旅の途中、リヨンはアトレーの口から家族がいると聞いていました。子供が三人いると。故郷に帰れば、五年ぶりに妻と子供たちに再会できますね。

「故郷に帰れば、好きなだけ酒が飲める。金貨ならいくらでもあるからだ。ガハハ」


 家族や帰る家があるのはいいことだと思います。

リヨンはそう考えていました。

「ノワール村で困ったことがあったら、私を頼ってくれ。いつでも駆けつける」

「助かるよ。アトレー」


 レジアス修道士はリヨンの肩を叩きます。

 若い独身の修道士は、彼の結婚を心底うらやましく思っていました。

「リヨンも領主の仲間入りですね。セレナと幸せな人生を送ってください」

「王都に来たときは会いに来るよ」

「村で何か困ったことがあれば、いつでも私を頼ってください。私と部下が村に行って解決しますよ 」


 セレナがリヨンの肘を引っぱり、かまってほしそうにしています。セレナは金遣いが荒いことで有名でした。でも、裏腹にとても優秀な魔法使いです。

「リヨン。いつ村に帰るの? 」

「あさって。明日は買い物に行こう」

「ぶどう酒を一つ買いたいね。大きな白パンも欲しい」


 セレナの旺盛な食欲には困ったものです。

リヨンはいつも頭を悩まされてきました。

セレナはお金の価値を考えたことがあるのだろうか。

頭の中でぐるぐると考えが及びます。

「白パンは高いよ」

「それぐらいは知っている。そなたがわからないのは金貨の使い方だ」

「それは非常に厳しい指摘だよ。セレナ」



 翌日、リヨンとセレナは仲間に別れを告げました。

 荷馬車には餞別せんべつとして贈られたワインの樽や、買い集めた大量の道具や家財道具が積まれています。

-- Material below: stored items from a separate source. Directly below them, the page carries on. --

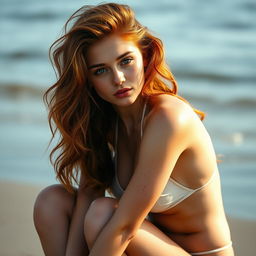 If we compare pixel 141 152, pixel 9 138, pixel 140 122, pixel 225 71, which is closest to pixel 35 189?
pixel 9 138

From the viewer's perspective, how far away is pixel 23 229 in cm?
411

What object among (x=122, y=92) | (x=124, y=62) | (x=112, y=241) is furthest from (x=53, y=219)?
(x=124, y=62)

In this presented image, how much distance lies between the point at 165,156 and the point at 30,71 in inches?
267

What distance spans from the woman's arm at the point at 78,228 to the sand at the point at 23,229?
72 centimetres

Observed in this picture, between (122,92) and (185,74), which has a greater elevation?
(122,92)

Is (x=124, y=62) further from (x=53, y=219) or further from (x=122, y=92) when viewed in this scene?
(x=53, y=219)

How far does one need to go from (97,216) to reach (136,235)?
19cm

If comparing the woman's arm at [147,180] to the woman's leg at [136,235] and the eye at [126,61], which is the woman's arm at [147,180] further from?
the eye at [126,61]

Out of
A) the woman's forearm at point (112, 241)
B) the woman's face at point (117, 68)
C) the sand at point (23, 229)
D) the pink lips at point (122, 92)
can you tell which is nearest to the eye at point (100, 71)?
the woman's face at point (117, 68)

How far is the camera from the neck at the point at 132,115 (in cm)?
319

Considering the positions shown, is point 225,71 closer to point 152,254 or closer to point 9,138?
point 9,138

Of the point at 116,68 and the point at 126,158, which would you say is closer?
the point at 116,68

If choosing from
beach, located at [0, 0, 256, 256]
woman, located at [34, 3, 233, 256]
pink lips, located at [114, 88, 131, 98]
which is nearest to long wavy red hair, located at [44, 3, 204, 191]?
woman, located at [34, 3, 233, 256]

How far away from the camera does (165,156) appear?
283cm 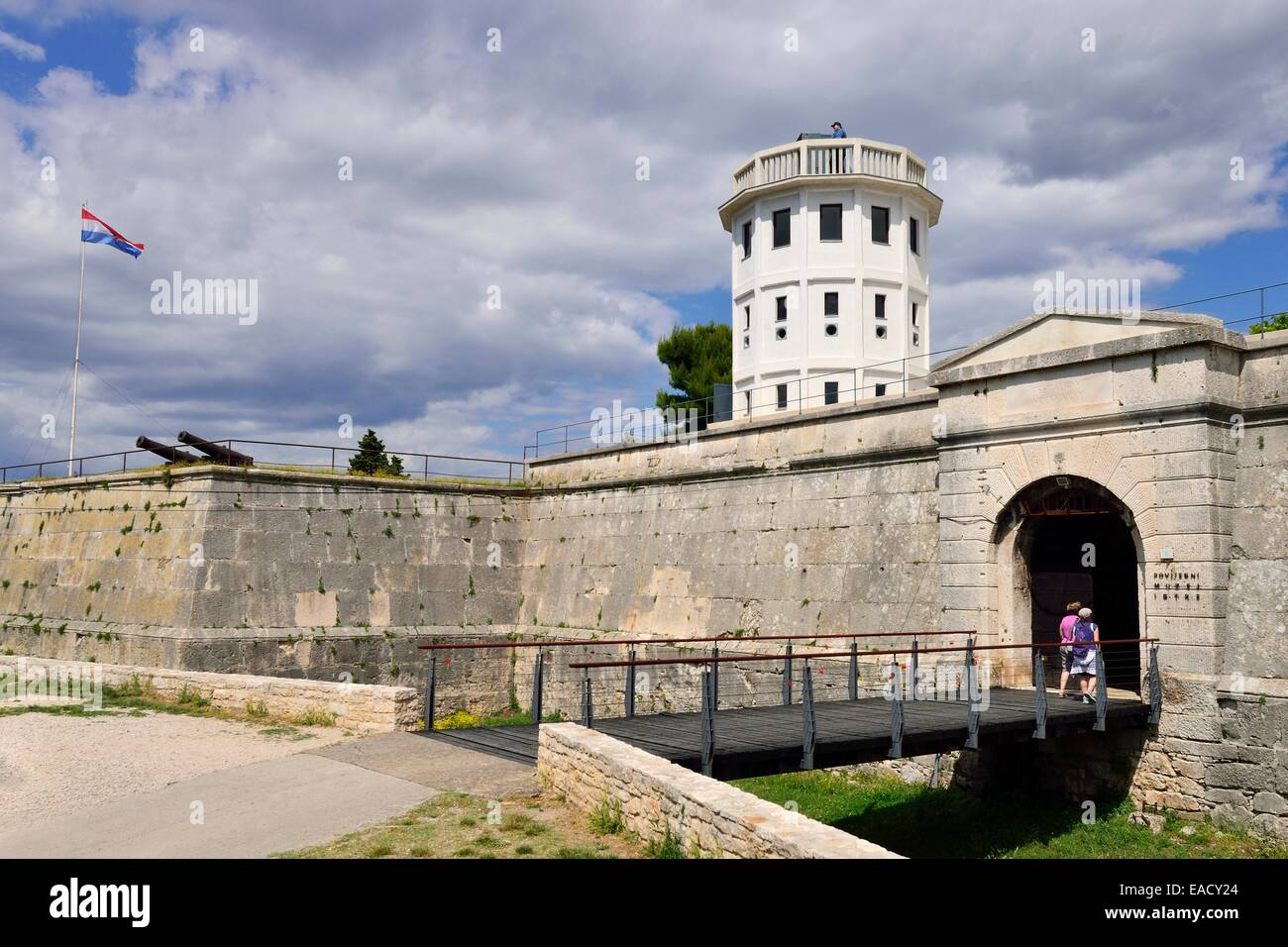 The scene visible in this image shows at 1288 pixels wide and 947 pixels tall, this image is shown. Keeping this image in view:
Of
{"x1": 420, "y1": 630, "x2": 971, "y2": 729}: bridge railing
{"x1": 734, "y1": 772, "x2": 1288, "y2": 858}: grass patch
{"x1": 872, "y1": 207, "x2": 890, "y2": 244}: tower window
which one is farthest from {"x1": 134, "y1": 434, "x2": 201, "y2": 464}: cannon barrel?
{"x1": 872, "y1": 207, "x2": 890, "y2": 244}: tower window

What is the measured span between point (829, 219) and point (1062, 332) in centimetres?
1782

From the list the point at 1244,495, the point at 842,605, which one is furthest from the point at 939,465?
the point at 1244,495

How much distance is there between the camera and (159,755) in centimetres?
1198

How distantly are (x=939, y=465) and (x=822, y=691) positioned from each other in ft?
14.7

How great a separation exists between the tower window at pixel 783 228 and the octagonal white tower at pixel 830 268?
3cm

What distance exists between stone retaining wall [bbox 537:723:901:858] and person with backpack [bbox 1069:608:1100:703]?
23.4ft

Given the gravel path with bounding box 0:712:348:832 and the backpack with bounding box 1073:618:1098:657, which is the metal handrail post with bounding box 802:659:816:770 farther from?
the gravel path with bounding box 0:712:348:832

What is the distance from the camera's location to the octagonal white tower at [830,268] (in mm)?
31062

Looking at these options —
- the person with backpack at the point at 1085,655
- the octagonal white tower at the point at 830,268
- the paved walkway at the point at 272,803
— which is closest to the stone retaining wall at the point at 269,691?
the paved walkway at the point at 272,803

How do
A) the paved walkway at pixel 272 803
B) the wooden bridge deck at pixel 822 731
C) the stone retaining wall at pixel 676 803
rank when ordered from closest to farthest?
the stone retaining wall at pixel 676 803, the paved walkway at pixel 272 803, the wooden bridge deck at pixel 822 731

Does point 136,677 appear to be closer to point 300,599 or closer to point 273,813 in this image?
point 300,599

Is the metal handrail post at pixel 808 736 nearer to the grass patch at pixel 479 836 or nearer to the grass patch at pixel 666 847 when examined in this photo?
the grass patch at pixel 479 836

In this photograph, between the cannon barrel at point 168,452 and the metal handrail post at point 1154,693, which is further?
the cannon barrel at point 168,452

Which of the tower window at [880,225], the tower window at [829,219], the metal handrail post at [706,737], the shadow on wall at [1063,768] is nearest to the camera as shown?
the metal handrail post at [706,737] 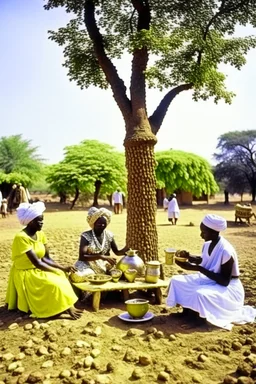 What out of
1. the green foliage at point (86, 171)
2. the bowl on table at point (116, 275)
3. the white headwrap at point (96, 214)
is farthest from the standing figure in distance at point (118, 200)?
the bowl on table at point (116, 275)

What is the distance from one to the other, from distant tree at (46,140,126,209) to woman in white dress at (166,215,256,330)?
84.9ft

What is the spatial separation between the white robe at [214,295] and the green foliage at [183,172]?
105 ft

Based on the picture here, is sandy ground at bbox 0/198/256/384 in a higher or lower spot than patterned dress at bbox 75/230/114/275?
lower

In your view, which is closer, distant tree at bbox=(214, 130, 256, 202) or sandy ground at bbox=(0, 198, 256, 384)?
sandy ground at bbox=(0, 198, 256, 384)

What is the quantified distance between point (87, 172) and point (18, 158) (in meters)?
15.1

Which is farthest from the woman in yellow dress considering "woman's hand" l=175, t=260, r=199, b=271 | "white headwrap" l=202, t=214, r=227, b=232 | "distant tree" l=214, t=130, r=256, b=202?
"distant tree" l=214, t=130, r=256, b=202

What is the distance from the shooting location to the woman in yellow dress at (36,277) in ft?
17.4

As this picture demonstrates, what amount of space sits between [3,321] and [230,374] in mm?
2943

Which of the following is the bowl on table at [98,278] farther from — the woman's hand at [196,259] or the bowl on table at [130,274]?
the woman's hand at [196,259]

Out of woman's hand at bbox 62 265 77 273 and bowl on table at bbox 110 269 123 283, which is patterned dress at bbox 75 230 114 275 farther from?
bowl on table at bbox 110 269 123 283

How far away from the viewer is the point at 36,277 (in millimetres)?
5387

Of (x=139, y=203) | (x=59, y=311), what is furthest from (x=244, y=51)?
(x=59, y=311)

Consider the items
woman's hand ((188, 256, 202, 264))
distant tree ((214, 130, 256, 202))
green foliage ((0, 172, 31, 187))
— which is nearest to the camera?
woman's hand ((188, 256, 202, 264))

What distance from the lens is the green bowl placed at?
5.30 metres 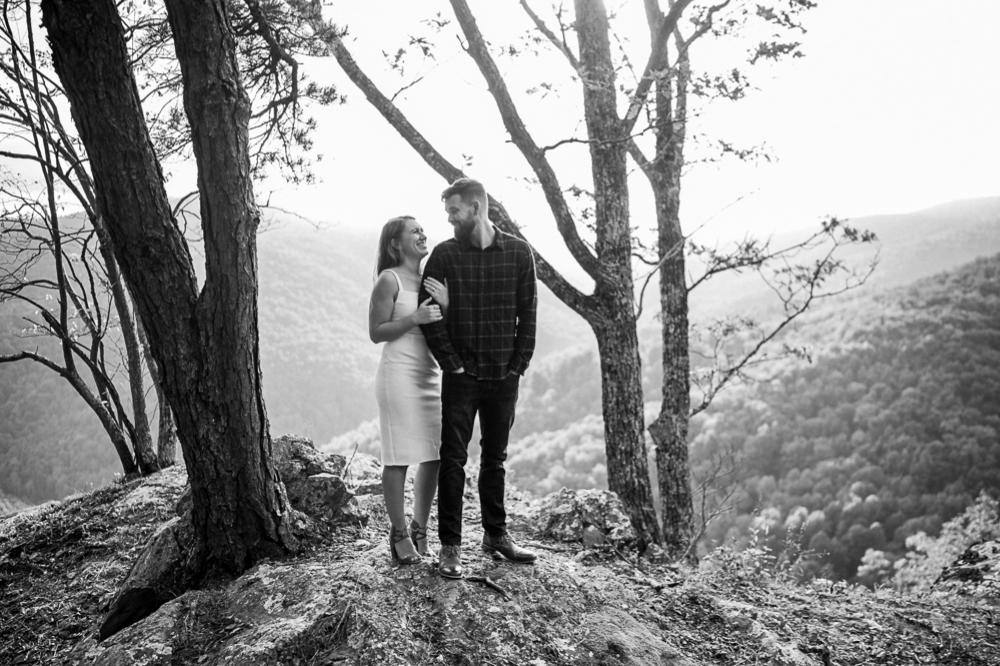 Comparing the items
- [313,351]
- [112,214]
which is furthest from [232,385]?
[313,351]

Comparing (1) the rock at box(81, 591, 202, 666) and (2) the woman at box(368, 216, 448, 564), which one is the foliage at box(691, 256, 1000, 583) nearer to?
(2) the woman at box(368, 216, 448, 564)

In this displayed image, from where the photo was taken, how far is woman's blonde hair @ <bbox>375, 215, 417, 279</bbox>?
3.70 metres

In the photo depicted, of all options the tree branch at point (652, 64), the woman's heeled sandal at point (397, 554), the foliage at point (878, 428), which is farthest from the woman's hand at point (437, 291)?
the foliage at point (878, 428)

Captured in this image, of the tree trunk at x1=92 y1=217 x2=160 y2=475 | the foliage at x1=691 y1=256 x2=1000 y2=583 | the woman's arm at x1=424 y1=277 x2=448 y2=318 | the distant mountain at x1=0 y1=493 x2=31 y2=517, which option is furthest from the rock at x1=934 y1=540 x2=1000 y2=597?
the foliage at x1=691 y1=256 x2=1000 y2=583

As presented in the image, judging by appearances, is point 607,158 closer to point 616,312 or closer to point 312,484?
point 616,312

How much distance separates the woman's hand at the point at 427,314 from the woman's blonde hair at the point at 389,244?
405 mm

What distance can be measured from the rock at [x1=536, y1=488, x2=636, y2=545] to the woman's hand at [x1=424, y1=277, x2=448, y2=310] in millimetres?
2065

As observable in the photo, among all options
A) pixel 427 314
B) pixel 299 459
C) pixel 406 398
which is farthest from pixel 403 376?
pixel 299 459

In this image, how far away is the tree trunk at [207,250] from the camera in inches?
128

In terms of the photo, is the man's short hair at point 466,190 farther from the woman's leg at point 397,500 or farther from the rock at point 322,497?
the rock at point 322,497

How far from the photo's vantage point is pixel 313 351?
64125 millimetres

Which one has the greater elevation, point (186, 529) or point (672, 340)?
point (672, 340)

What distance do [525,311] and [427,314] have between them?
1.95 ft

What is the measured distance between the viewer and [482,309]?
361cm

 レジアスはリヨンと別れの挨拶をしました。僧侶は名残惜しそうな顔を隠しません。

「リヨン。たまには王都に遊びに来てください。時間を見つけて会いに行きます」

「レジアスがいなくなって寂しくなるよ。お元気で」

「レジアスとアトレー、買い物を手伝ってくれてありがとう」


 ムチを入れるとダチョウのような黄色い鳥が走り出します。二人は門番に別れを告げ、王都を後にしまさはた。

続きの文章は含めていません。